The models also established hyperlipidemia and preoperative lipid-lowering agents use as among the top five important predictors for postoperative AKI and severe AKI as well. In this study, statins accounted for over 97% of the lipid-lowering agents used preoperatively. It is speculated that preoperative lipid-lowering agents (e.g., statins) use may be protective against AKI by inhibiting post-operative inflammatory processes. Several randomized controlled trials investigating inflammatory markers and perioperative statin usage in patients undergoing cardiac surgery have demonstrated a reduction in inflammatory cytokines [30]. Meta-analyses of observational studies have revealed that preoperative statin therapy significantly reduced the incidence of postoperative renal dysfunction and the requirement for renal replacement therapy in patients undergoing cardiac surgery [31, 32]. Similarly, other modifiable factors such as assisted ventilation time, cardiopulmonary bypass and intravenous nitroglycerin intake were also found to be key predictors of AKI risk, highlighting their clinical implications in predicting AKI and guiding clinical intervention.

Some advantages of the study could be acknowledged. We comprehensively developed, validated and compared the traditional logistic regression and the five most popular ML models in the prediction of postoperative AKI and severe AKI as well. More variables on preoperative medicine intakes and intraoperative procedures were included as modifiable predictors, which provide potential targets for prevention and intervention of high-risk population. Furthermore, we made intuitive explanations of the models using SHAP at the global and local levels, which shed light on the black box of ML and aid in understanding how and how much each predictor contributes. To determine whether sufficient power was gained to ensure the reliability of our results, we implemented a post hoc sample size calculation using the method proposed by Riley et al. [33] via the pmsampsize package in R. The number of predictor parameters was 16, the R2 was 0.11, and the overall AKI incidence was 44.2%. Finally, the minimum sample size with 33.92 events per predictor required for model development based on the inputs is 1228. The actual sample of 1848 patients for model development likely has sufficient power to draw conclusions.

Limitation

However, the study also presented several limitations. First, the diagnosis of AKI was based on the modified KDIGO definition without incorporating urine output criteria. Because the collection and measurement of urine are sometimes incomplete, inaccurate and unreliable. In addition to the impact of renal function, urine output varies depending on the use of diuretic or fluid treatment regimens.
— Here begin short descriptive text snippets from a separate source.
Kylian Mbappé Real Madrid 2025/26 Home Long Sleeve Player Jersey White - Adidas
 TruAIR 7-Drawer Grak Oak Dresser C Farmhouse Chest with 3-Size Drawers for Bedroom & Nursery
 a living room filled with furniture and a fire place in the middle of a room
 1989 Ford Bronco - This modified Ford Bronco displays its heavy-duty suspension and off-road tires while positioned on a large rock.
Second, due to the unavailability of the complete time-series data, the study could not make real-time risk prediction of AKI. Future enhancement would include integrating additional perioperative time-series data into the prediction models. Third, the models needed to be further externally validated. Factors such as differences in demographic characteristics, comorbidities, surgical profiles, management protocols, and perioperative care practices may influence the performance of the models. Moreover, the impact of potential confounding factors, such as variations in baseline kidney function and medication regimens, should also be carefully considered when applying these models in different populations or settings. Therefore, rigorous external validation studies are necessary to verify the performance and establish the clinical utility of these prediction models in diverse patient populations and healthcare settings.

Conclusions

The study did not provide consistent evidence supporting the hypothesis that machine learning algorithms could significantly enhance the predictive performance of postoperative AKI and severe AKI after cardiac surgery compared to conventional logistic regression. Logistic regression and the GBC algorithm showed superior performance and exhibited moderate to good predictive ability for the risk of PO-AKI and severe AKI, respectively. We interpreted the models at the population and individual level, which gained insight into why those predictions were made and offered evidence for individual prevention and treatment.